I find the choice of album title (Utilitarian) quite interesting, can you explain the story behind that?

Well, what it definitely isn’t is a direct homage to Utilitarianism as a whole concept. I have a certain interest in it, because I’m kind of an info junkie and it interests me, and the thing that I thought was interesting about it was it’s used as a philosophical theory by people of different ideological persuasions, human rights or animal rights people for example, but it can also be used by people on the other end of the scale whose main purpose is power acquisition at any cost. The basic premise of it is happiness by any means, which is course entirely subjective, so what I kind of wanted to do was draw a parallel to myself and other people. I try to always with consideration, kind of an ethical kind of lifestyle, and through that there’s just certain things you won’t do if you have an ideological problem with them and to me that’s kind of a low level form of resistance really. But you have self-doubt even with that, like ‘what difference am I making?’ ‘whats the point?’ and you do go through that, but I think a certain number of people have to persist, because if you take that low level of resistance away then there is a large vacuum that can be exploited by the people who do have the power in this world.

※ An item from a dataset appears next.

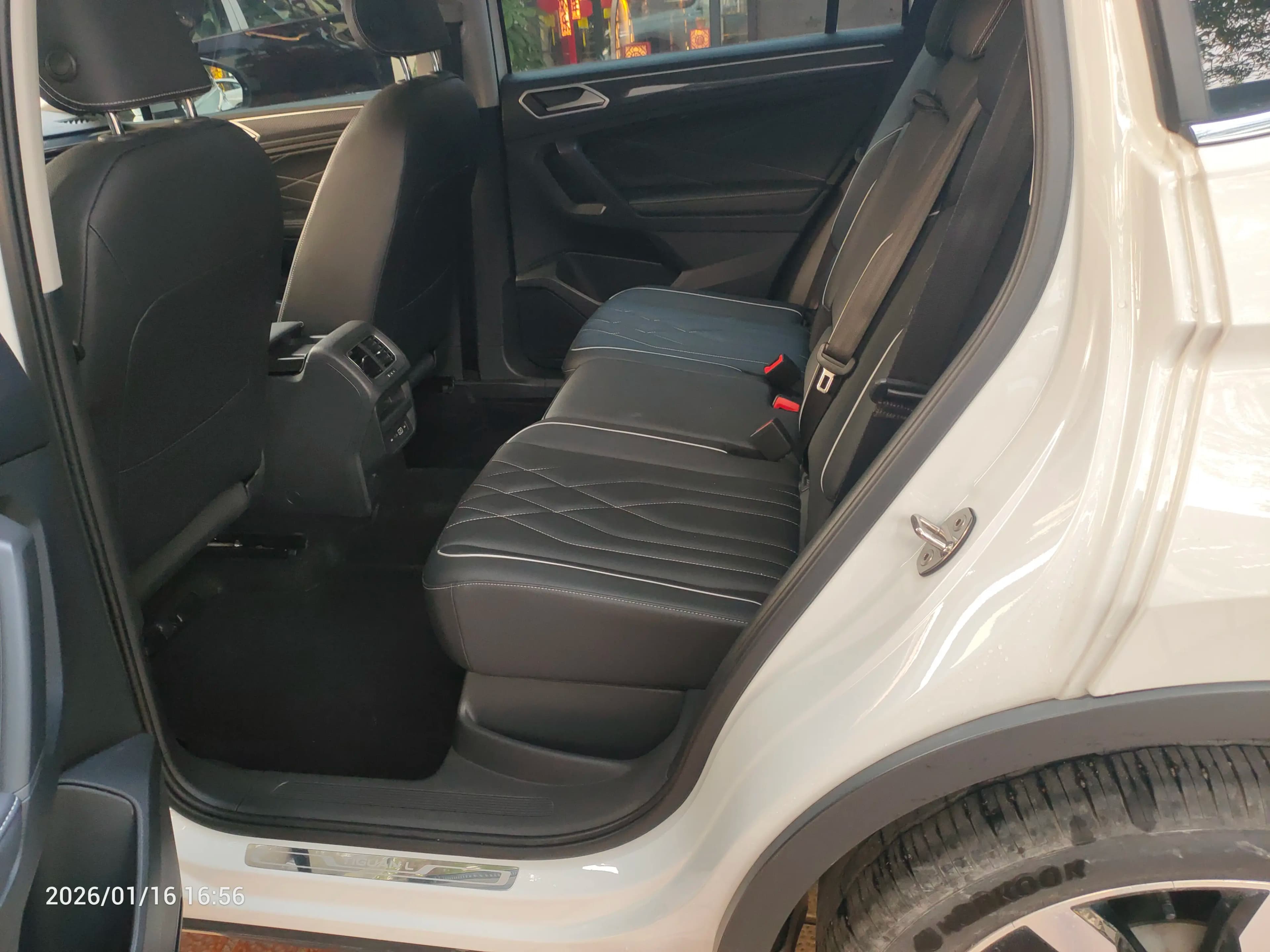 Volkswagen Tiguan L 2024 г. 4385 км. — фото 11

Continuing on from that, Napalm Death have always been a very socially conscious band and you’ve also made reference to the Occupy movement for Utilitarians promotion. Are there any specific songs on the new album on about the movement, or last summers riots as well?

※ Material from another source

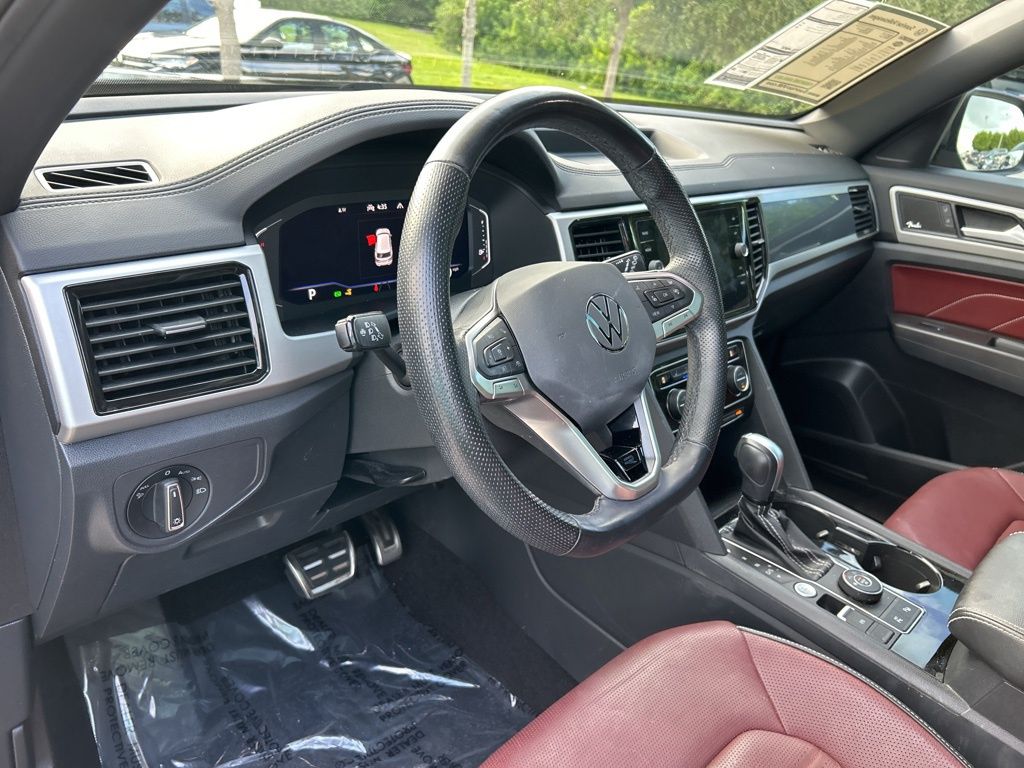2022 Volkswagen Atlas Cross Sport V6 SEL Premium R-Line photo 17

Well for me what we are fundamentally is a humanitarian band, in the truest sense of the word. One of the first things, on my list at least, is the promotion of human rights before anything else. But specifically in terms of the Occupy Movement, to be honest it was purely coincidental that that whole process was going on whilst we were doing the album. When it did come along when we were doing the album, my main thing was just to show solidarity and I realised with the new album we could do that, and it was purely on a principle level.  Is there any songs on songs about the Occupy Movement on the album? No there isn’t, but I think there’s things on there that probably fall into the general arena of what they would be concerned with.

It’s a bit of a personal thing, but the cover art sort of reminds me of the band’s earlier 80’s work like Scum, is this a reflection of the music at all?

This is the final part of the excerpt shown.